Today, ALSM is the only regional not-for-profit organization offering services that span the generations in an eight-county service area.

“We are a not-for-profit organization that uses business principles so we can sustain our services. We are a social business. We respond to the needs of the people in the community,” said Patricia Savage, president and CEO.

Today’s ALSM was founded in 1948 by Rev. Dr. Luke Rhoads, pastor of the First Lutheran Church in Altoona.

“He and the congregation raised about $336,000. That was the beginning of the Allegheny Lutheran Home in Hollidaysburg. That would be well over $1 million in today’s dollars,” Savage said. “The reason was if Lutheran seniors needed a care home, they had to go to Washington, D.C., to go to a Lutheran home. Today we serve anyone who needs our services.”

On April 5, 1948, the Allegheny Lutheran Home was incorporated with Rhoads as executive director. He remained in this role until his retirement in 1978. Through the leadership of Rhoads, the Allegheny Lutheran Home at Hollidaysburg opened in 1950.

A temporary residence was opened in Johnstown in 1954, and a second Allegheny Lutheran Home opened there in 1960.

“We just did a major refurbishing of the personal care wing and added a child day care center there, as well,” Savage said.

In 1978, Daun McKee became executive director and ALSM expanded services, offering children’s day care programs through Growing Years Early Learning and Head Start programs in Bedford and Fulton counties. In the 1980s, services expanded to add adult day programs — Senior Daily Living Centers and before-and-after-school programs for children.

In the 1990s, ALSM continued to offer more community-based programs to assist individuals who wanted to remain independent in their own homes. ALSM at Home now provides in-home personal care and companion care in Blair, Cambria and Somerset counties.

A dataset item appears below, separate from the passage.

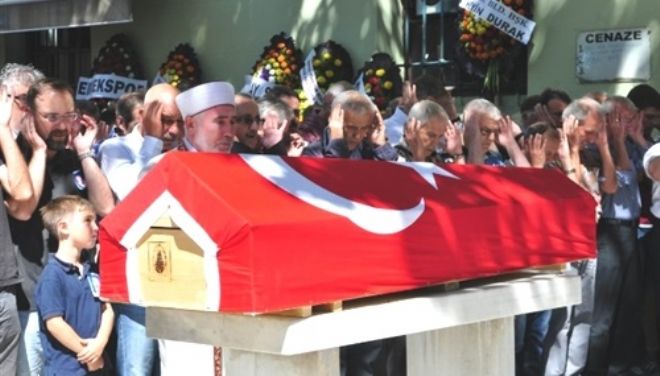 Karahan Toprağa Verildi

A third senior living community, the Oaks at Pleasant Gap, opened in Centre County.

“We had a generous donor in Centre County — Margaret Schreffler, who donated $1 million. Her donation was to provide residential care services in Pleasant Gap,” Savage said.

In 1996, McKee retired, Savage became president and CEO of ALSM and the growth continued.

“Under my tenure, we became more financially sustainable and expanded independent living cottages for seniors. We recently opened new independent living cottages by the golf course called Blairmont Commons. We upgraded our personal care home in Johnstown. We’ve moved into retired assisted housing for seniors in Pleasant Gap and Somerset. We are consolidating our two senior daily living centers into a new building in Somerset that will be done this summer,” Savage said.

The growth also included a new administration building along Logan Boulevard.

“The small administration building in Hollidaysburg was not adequate for our needs. We have well over 100 people on a waiting list for independent living cottages. We needed the land for cottages. We also felt we needed a building that was more visible. We did a survey, and people said they thought all we did was run the Lutheran home in Hollidaysburg,” Savage said.

ALSM officials are proud of their growth.

“I am most proud of Allegheny Lutheran Social Ministries continuing to grow and serve the needs of the people. I’ve been told people believe we care for people deeply and treat our staff right. We fulfill the mission to serve people through love, compassion and mercy. We walk the talk. Each year, we provide more than $2 million in charitable care to those residents who have outlived their resources,” Savage said.

“ALSM has grown and succeeded precisely because of the strong faith and outstanding abilities of our unparalleled staff. From the top on down, they are men and women of the finest character, inspired by their mission to provide the best for our clients and explore new ways to meet the needs of our community,” said Pastor John Miller of Trinity Lutheran Church in DuBois, chairman of the board of trustees.

Savage credits the board for the growth.

“I think our board of trustees has a real commitment to Allegheny Lutheran Social Ministries and a vision to grow and continue to serve people and look at programs we would consider starting. They have been very supportive. We have been good stewards of the funds we have because we use good business principles,” Savage said.

Savage expects ALSM to continue to grow.

“We look for opportunities in program expansion, partners who have a similar mission to ours. I think we will see more independent living for seniors. People want to stay in their homes. There will be more cottages with services coming from the community to help maintain their own homes. We want to do anything to help people remain independent in their own homes. That is the wave of the future,” Savage said.